**EXERCISE**. Omit all pictures, then retype the data exactly as given.

Image-text web data:
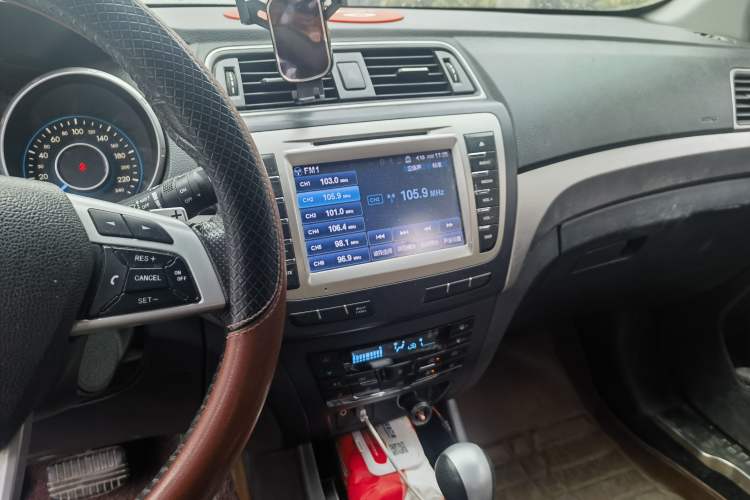 Used BAIC Senova X65 2015 2.0T Automatic Elite Model Audio And AC Panel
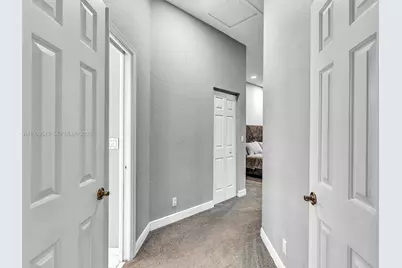 8720 NW 18th St, Coral Springs, FL 33071 - Photo 17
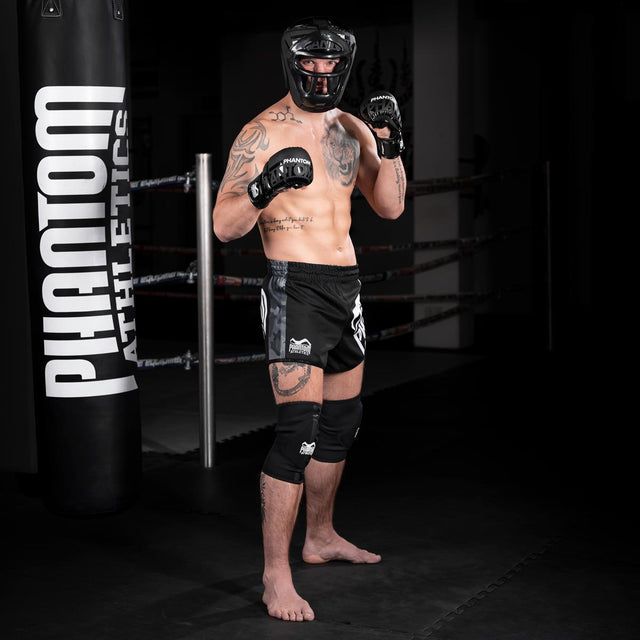 Casco de boxeo Phantom Athletics Apex Cage – Negro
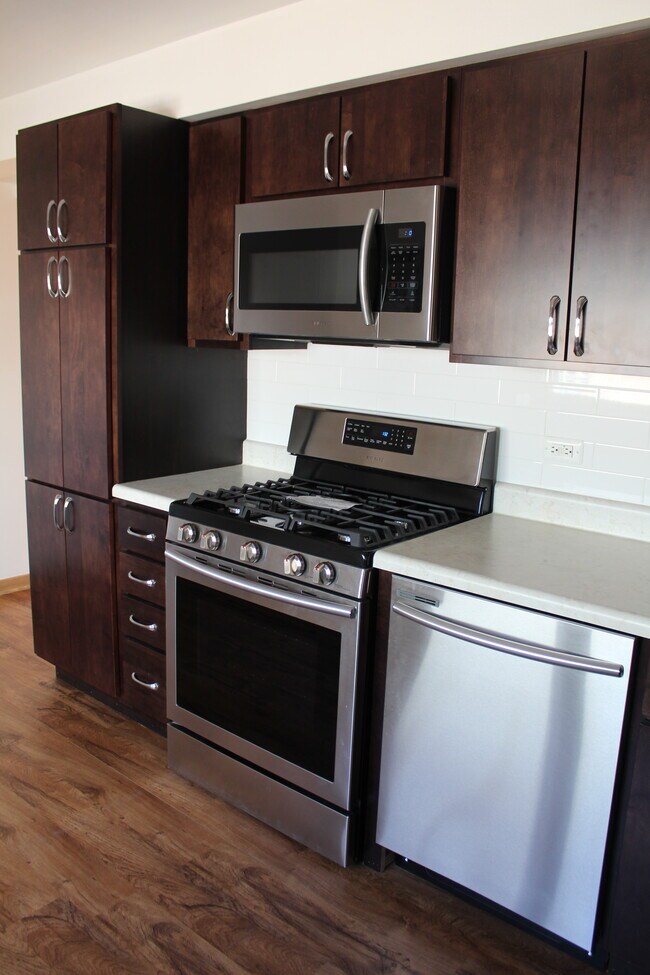 Foto del edificio - 7418 N Claremont Ave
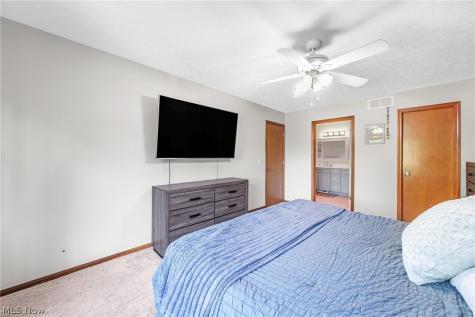 16097 N Laguardia Parkway Strongsville OH 44136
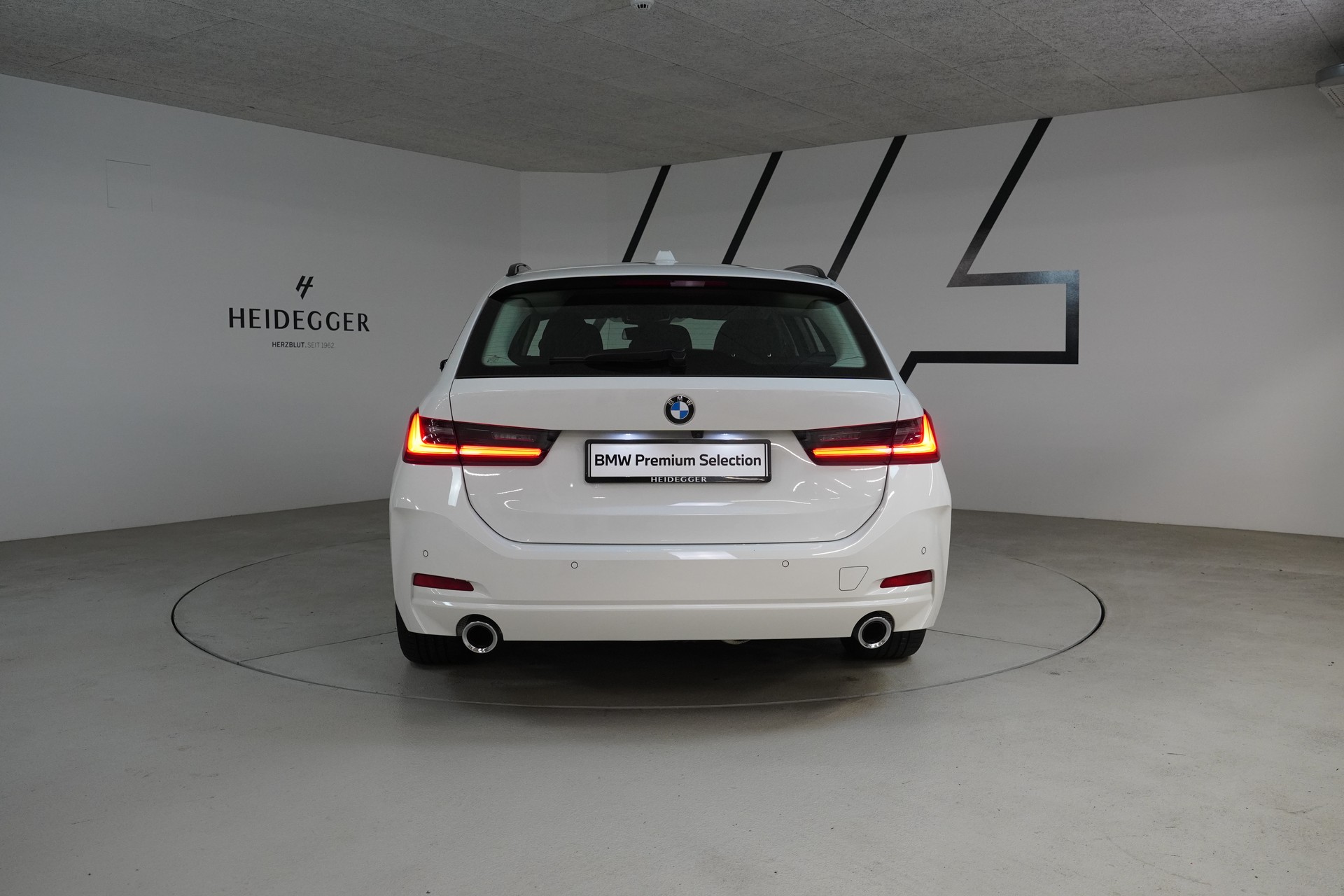 BMW 320d xDrive 48V Touring Steptronic-image-4
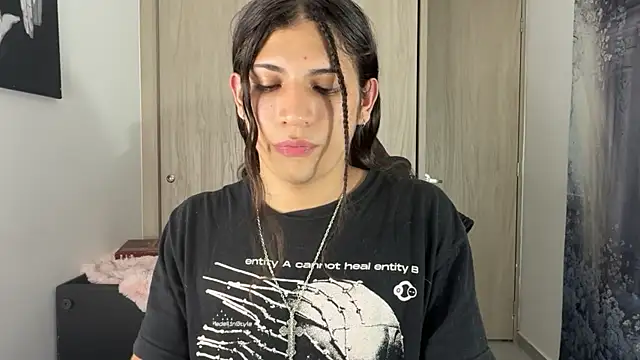 Snapshot of gabriel__manson chatting on November 2025 11:05:01 PM gabriel manson online show from November 2025 11:05:01 PM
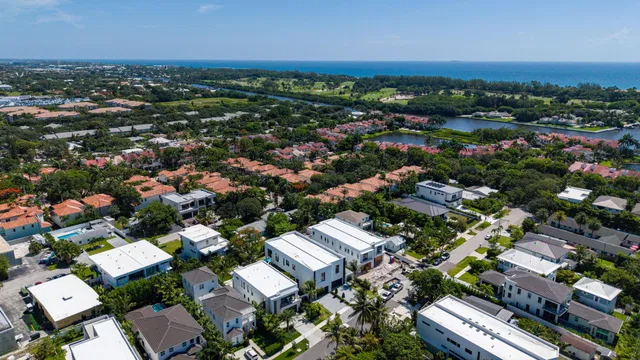 Palm Trail Delray Beach Residence photo 42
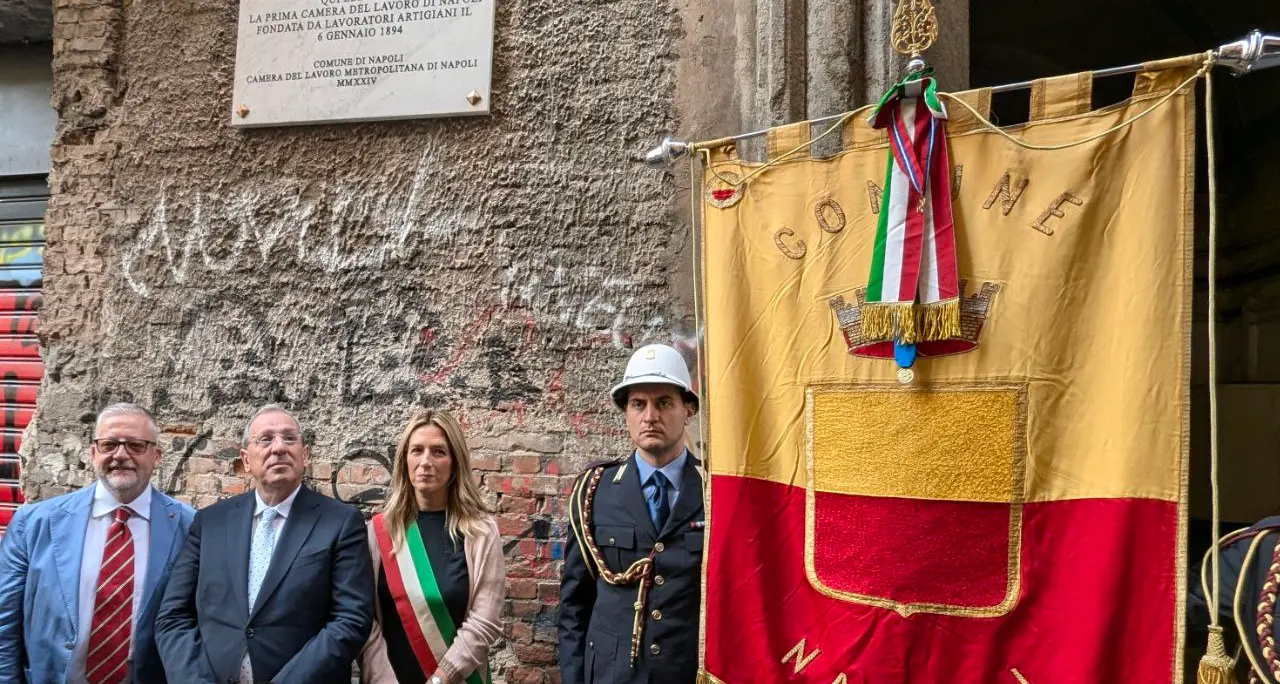 Una targa per i 130 anni della Cgil Napoli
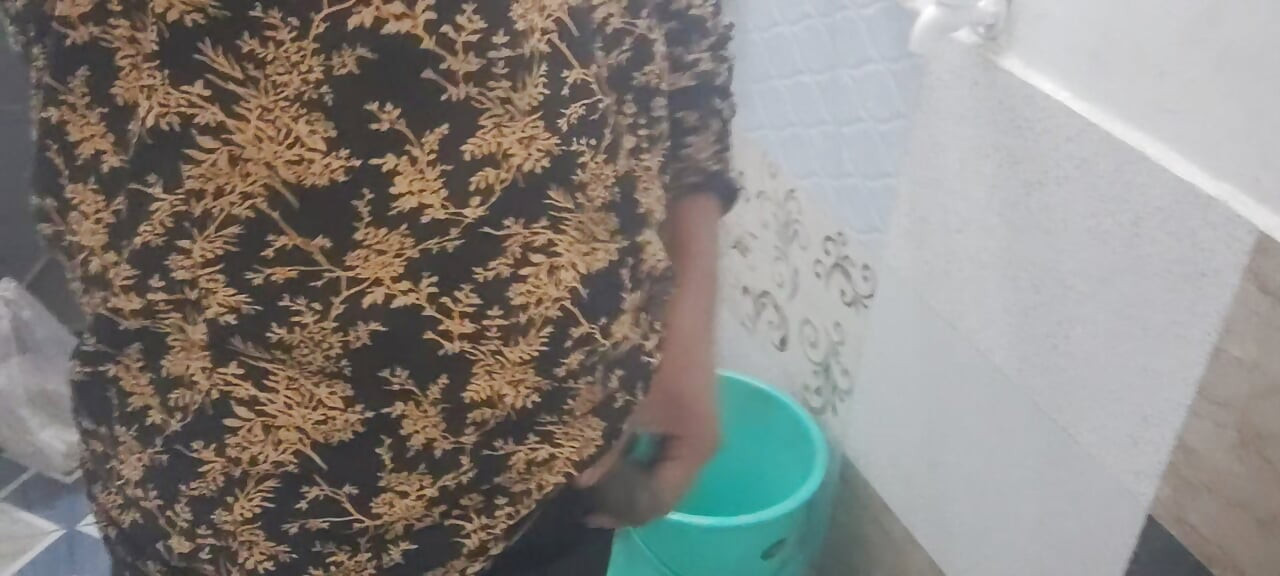 Usko apni Gand mein Thoda maja aata Hai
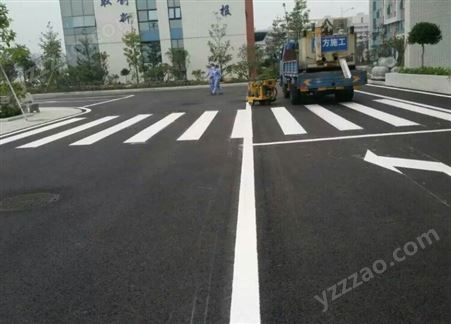 深圳停车场车位划线尺寸 车位划线宽度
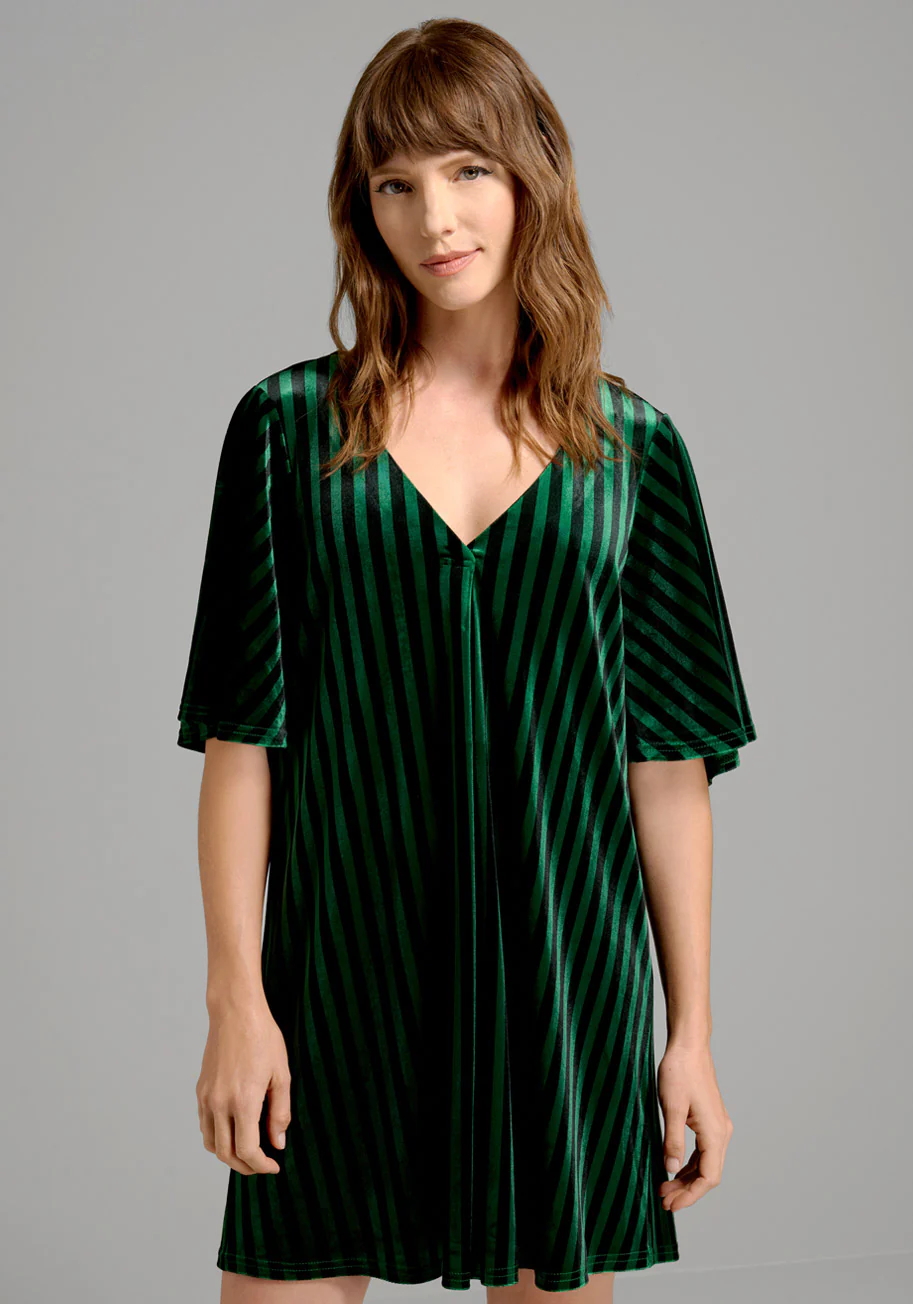 Conjuring Magic Shift Dress - Olabens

**ANSWER SPACE**.
 Used BAIC Senova X65 2015 2.0T Automatic Elite Model Audio And AC Panel
 8720 NW 18th St, Coral Springs, FL 33071 - Photo 17
 Casco de boxeo Phantom Athletics Apex Cage – Negro
 Foto del edificio - 7418 N Claremont Ave
 16097 N Laguardia Parkway Strongsville OH 44136
 BMW 320d xDrive 48V Touring Steptronic-image-4
 Snapshot of gabriel__manson chatting on November 2025 11:05:01 PM gabriel manson online show from November 2025 11:05:01 PM
 Palm Trail Delray Beach Residence photo 42
 Una targa per i 130 anni della Cgil Napoli
 Usko apni Gand mein Thoda maja aata Hai
 深圳停车场车位划线尺寸 车位划线宽度
 Conjuring Magic Shift Dress - Olabens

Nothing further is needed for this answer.